Is Global Warming Putting Our Pets at Risk on Both Sides of the Atlantic? How the Weather Can Affect Animals

Global warming, it’s a complicated issue. Whilst the naysayers continue to search for conspiracies against climate change, this year the North American heat wave highlighted the very stark potential of our collective futures.

With more than 40,113 temperate records broken this year, the US and Canada have suffered 82 heat-related deaths and a further 22 deaths due to the resultant destruction of the derecho in June.

This loss of life allows us a small insight into the true power of extreme weather, but how is it affecting the nation’s pets?

Doggie in a Car

Appallingly, hundreds of cats and dogs have died this summer due to insufficient care and dehydration. During times of severe environmental change, it seems that pets are usually the last priority and this is having a serious impact on their standard of care.

One of the most notorious (and deadliest) issues facing pets during a heat wave is overheating in cars.

“It doesn’t take any time at all,” veterinarian Andy Morton with Roswell’s Chattahoochee Animal Hospital told WSBTV-Atlanta, “30 seconds is all that’s needed for them to die.” Unlike humans, dogs cannot sweat to cool themselves down and this leads to heat stroke and suffocation.

Thankfully, policemen across the states have been actively clamping down on this kind of animal neglect. Tickets are being issued left, right and center, and whilst the amount of the ticket is down to the officer’s discretion, they can be as high as $1,000.

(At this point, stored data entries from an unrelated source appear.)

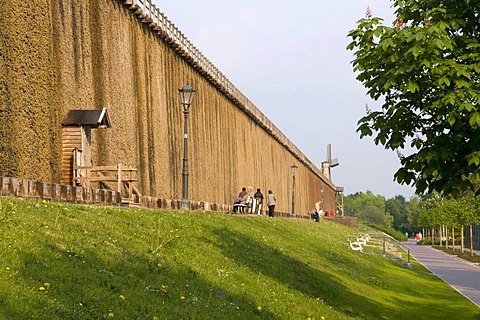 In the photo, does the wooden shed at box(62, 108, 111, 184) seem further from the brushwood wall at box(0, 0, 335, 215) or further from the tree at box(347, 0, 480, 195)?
the tree at box(347, 0, 480, 195)

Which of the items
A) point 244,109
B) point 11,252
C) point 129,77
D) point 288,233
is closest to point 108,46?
point 129,77

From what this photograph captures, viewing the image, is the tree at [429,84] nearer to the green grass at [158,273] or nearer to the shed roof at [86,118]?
the green grass at [158,273]

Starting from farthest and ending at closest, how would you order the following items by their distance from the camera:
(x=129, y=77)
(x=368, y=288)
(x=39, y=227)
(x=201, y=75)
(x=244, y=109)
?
1. (x=244, y=109)
2. (x=201, y=75)
3. (x=129, y=77)
4. (x=368, y=288)
5. (x=39, y=227)

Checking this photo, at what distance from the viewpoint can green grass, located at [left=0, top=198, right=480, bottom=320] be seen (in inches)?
356

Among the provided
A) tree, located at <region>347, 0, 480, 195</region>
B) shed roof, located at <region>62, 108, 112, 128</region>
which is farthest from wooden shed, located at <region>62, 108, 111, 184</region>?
tree, located at <region>347, 0, 480, 195</region>

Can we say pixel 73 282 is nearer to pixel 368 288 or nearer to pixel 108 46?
pixel 368 288

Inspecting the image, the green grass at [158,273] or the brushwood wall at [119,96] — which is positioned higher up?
the brushwood wall at [119,96]

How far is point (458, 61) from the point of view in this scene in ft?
47.6

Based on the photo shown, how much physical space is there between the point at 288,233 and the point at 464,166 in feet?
57.3

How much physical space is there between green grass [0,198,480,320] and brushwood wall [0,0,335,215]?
6522mm

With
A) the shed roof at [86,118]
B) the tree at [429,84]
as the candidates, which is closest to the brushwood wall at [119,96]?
the shed roof at [86,118]

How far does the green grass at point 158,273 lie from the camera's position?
9.05 m

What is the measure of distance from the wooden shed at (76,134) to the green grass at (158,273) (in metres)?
6.38

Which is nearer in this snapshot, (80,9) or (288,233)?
(80,9) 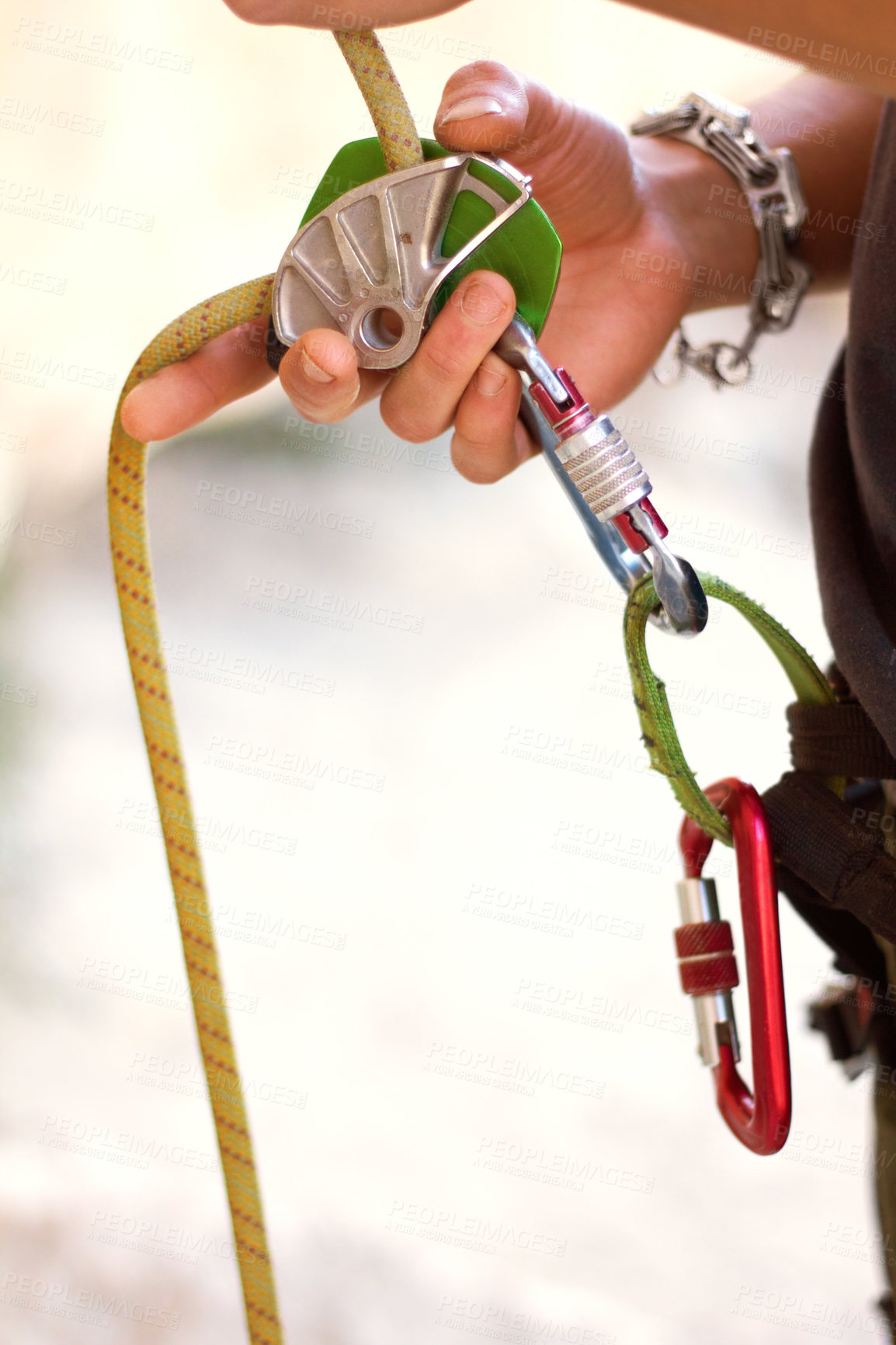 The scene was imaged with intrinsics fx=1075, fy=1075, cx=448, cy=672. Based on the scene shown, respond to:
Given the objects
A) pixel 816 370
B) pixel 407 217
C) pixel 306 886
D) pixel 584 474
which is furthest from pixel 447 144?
pixel 816 370

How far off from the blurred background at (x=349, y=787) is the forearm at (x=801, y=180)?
376 mm

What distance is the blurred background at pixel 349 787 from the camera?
3.76ft

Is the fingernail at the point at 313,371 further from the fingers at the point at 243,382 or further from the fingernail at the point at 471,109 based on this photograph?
the fingernail at the point at 471,109

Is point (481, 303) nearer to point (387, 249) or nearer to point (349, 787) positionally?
point (387, 249)

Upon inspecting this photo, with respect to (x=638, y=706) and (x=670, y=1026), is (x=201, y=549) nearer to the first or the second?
(x=670, y=1026)

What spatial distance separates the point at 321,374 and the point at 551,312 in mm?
252

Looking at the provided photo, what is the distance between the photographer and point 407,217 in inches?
19.0

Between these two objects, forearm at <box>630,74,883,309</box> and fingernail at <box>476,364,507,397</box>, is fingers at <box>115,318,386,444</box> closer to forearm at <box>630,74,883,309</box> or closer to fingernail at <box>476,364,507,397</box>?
fingernail at <box>476,364,507,397</box>

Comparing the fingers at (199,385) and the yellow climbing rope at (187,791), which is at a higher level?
the fingers at (199,385)

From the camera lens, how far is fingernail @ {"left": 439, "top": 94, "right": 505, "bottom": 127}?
50cm

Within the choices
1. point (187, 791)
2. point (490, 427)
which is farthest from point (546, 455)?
point (187, 791)

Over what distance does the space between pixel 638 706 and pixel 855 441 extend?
162 mm

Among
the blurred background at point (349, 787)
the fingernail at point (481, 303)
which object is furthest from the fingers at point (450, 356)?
the blurred background at point (349, 787)

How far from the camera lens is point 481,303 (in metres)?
0.48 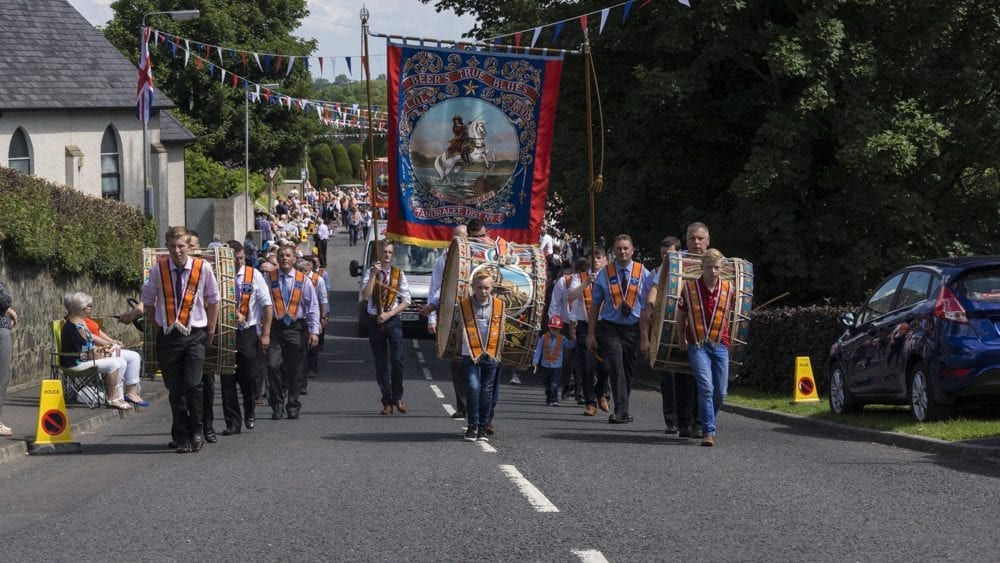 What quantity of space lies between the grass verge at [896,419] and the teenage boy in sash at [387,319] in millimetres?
4846

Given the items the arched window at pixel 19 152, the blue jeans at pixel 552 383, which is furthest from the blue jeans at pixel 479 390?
the arched window at pixel 19 152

In worst case scenarios, it can lead to one year in jail for committing “animal cruelty” depending where you live, and a ban on owning dogs in the future.

Grey Skies over Great Britain

However, across the other side of the Atlantic, things are quite the opposite. Thanks to the Atlantic conveyor, the heat wave in the US has forced damp and muggy conditions towards the UK. Consequently, they have suffered more than their usual deluge of rainfall. It was the wettest June since records began, and is set to be one of the wettest summers, with 366.8 mm of rainfall.

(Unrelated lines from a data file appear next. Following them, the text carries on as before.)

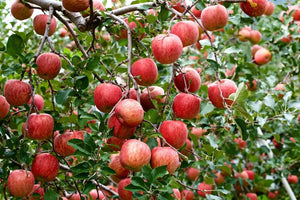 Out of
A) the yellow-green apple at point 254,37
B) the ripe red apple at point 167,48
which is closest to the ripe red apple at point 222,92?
the ripe red apple at point 167,48

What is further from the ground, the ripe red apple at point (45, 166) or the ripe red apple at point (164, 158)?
the ripe red apple at point (164, 158)

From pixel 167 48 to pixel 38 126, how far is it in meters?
0.52

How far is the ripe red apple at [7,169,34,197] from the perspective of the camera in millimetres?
1108

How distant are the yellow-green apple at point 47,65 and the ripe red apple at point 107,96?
234mm

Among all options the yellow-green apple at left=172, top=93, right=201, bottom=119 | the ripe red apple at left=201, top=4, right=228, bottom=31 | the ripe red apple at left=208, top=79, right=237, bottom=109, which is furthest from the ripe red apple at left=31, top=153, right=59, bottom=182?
the ripe red apple at left=201, top=4, right=228, bottom=31

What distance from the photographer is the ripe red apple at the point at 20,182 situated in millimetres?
1108

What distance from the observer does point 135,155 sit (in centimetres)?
88

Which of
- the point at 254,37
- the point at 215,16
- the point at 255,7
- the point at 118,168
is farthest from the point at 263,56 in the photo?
the point at 118,168

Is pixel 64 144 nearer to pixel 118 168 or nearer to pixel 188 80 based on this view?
pixel 118 168

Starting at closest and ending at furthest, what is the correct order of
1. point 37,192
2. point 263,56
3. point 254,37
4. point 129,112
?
point 129,112 → point 37,192 → point 263,56 → point 254,37

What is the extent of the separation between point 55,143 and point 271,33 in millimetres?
2066

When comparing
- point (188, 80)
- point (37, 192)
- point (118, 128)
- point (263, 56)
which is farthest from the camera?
point (263, 56)

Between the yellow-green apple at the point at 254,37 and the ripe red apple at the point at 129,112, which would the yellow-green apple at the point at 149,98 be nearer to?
the ripe red apple at the point at 129,112

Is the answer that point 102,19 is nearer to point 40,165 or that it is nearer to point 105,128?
point 105,128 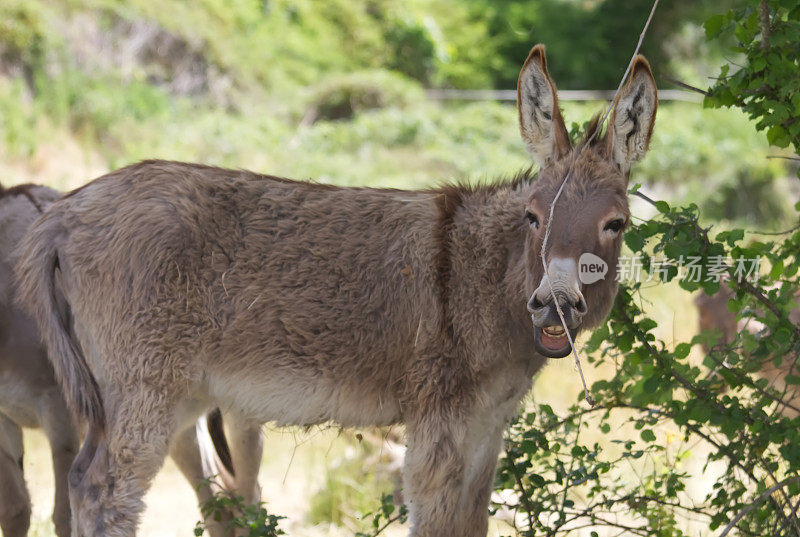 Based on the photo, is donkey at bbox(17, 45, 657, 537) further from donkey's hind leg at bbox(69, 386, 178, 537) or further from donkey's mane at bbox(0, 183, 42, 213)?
donkey's mane at bbox(0, 183, 42, 213)

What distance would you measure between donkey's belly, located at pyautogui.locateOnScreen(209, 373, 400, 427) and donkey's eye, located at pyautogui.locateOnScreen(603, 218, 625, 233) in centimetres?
111

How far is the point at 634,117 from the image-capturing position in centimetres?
326

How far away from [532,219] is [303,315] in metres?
1.01

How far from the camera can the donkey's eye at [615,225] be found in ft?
10.2

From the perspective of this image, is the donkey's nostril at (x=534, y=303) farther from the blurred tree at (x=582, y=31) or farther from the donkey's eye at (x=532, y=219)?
the blurred tree at (x=582, y=31)

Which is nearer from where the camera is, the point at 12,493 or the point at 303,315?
the point at 303,315

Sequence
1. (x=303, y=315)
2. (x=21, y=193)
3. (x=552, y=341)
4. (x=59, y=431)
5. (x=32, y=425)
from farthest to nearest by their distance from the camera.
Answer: (x=21, y=193)
(x=32, y=425)
(x=59, y=431)
(x=303, y=315)
(x=552, y=341)

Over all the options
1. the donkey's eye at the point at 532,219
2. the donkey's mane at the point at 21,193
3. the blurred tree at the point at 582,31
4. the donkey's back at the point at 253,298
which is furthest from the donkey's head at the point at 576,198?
the blurred tree at the point at 582,31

Nonetheless, this wet weather isn’t without its bugbears. Due to the humidity, biting insects have been extremely prevalent and this summer has witnessed the rise of the super-bug (one that’s

Itchy, Scratching Pup

built-up a resistance to conventional treatments). This flea and mosquito influx has left pets and people itching for relief.

Whilst super-insect problems might seem like a trivial issue in comparison to the US heat wave, the influx of bugs can signal some very real, and highly dangerous, problems.

Fleas spread diseases like tapeworms, and can create considerable allergic responses in some pets. After all, the flea was responsible for spreading the Great Plague in Europe.

With winters becoming milder and pest populations increasing, the New Scientist reports that, “the European dog tick is transmitting a malaria-like disease, canine babesiosis, into countries where it was once rare including Belgium, Germany, Poland and the Netherlands. Meanwhile, ixodes ticks are living at greater densities across Europe, increasing their risk of passing tick-borne encephalitis to horses and dogs.”

Changes to the Environment Means Changes to Behavior

Indeed, it seems the consequences of climate change not only effect people. With this in mind, it’s extremely important to heed the changes to your environment and behave accordingly, especially when the care of vulnerable animals is concerned.

Under absolutely no circumstances should a dog be left alone in the car, regardless of the weather conditions. However, this is especially the case during a heat wave. If you have to take your dog out with you, ensure that where you’re going allows dogs and, if not, get a family member to sit in the shade with them, ensuring the dog drinks plenty of water. You could face a criminal conviction, a hefty fine and the guilt of your dog’s death on your shoulders.

Let that be deterrent enough.

If you suspect a dog is suffering with heat stroke, call your vet immediately. You can check for symptoms and relief methods here.

If you see a dog locked in a car, call the emergency services.

(Sadly, you will be liable to pay damages if you smash a window and the owner presses charges).

Where super-fleas are concerned, it’s crucial that all owners receive the correct advice, tailored to their pet and his/her individual needs. Animed Direct is a fantastic website for vet advice (plus they have a wide range of flea treatments). They have a qualified vet engaging in live chats every single day and they are ready to answer your medical questions and concerns.

It’ always best to have a vet suggest the best course of treatment for your dog, it’s no good just guessing.

 

By Guest Blogger, Emily Buchanan

2 Responses to “Is Global Warming Putting Our Pets at Risk on Both Sides of the Atlantic? How the Weather Can Affect Animals”

  1. Jessica Sala says:

    Emily: This is a wonderful post! I’ve always been interested in all aspects of the global warming issues our world is having and in all my reading have never seen it from the “pet perspective.” Thank you!

  2. Emily Buchanan says:

    Hey Jessica, that’s great news! I’m glad it was helpful. It’s certainly an important issue and, like I said in the article, people rarely give a thought to how global warming effects domesticated animals (not to mention the wild ones!)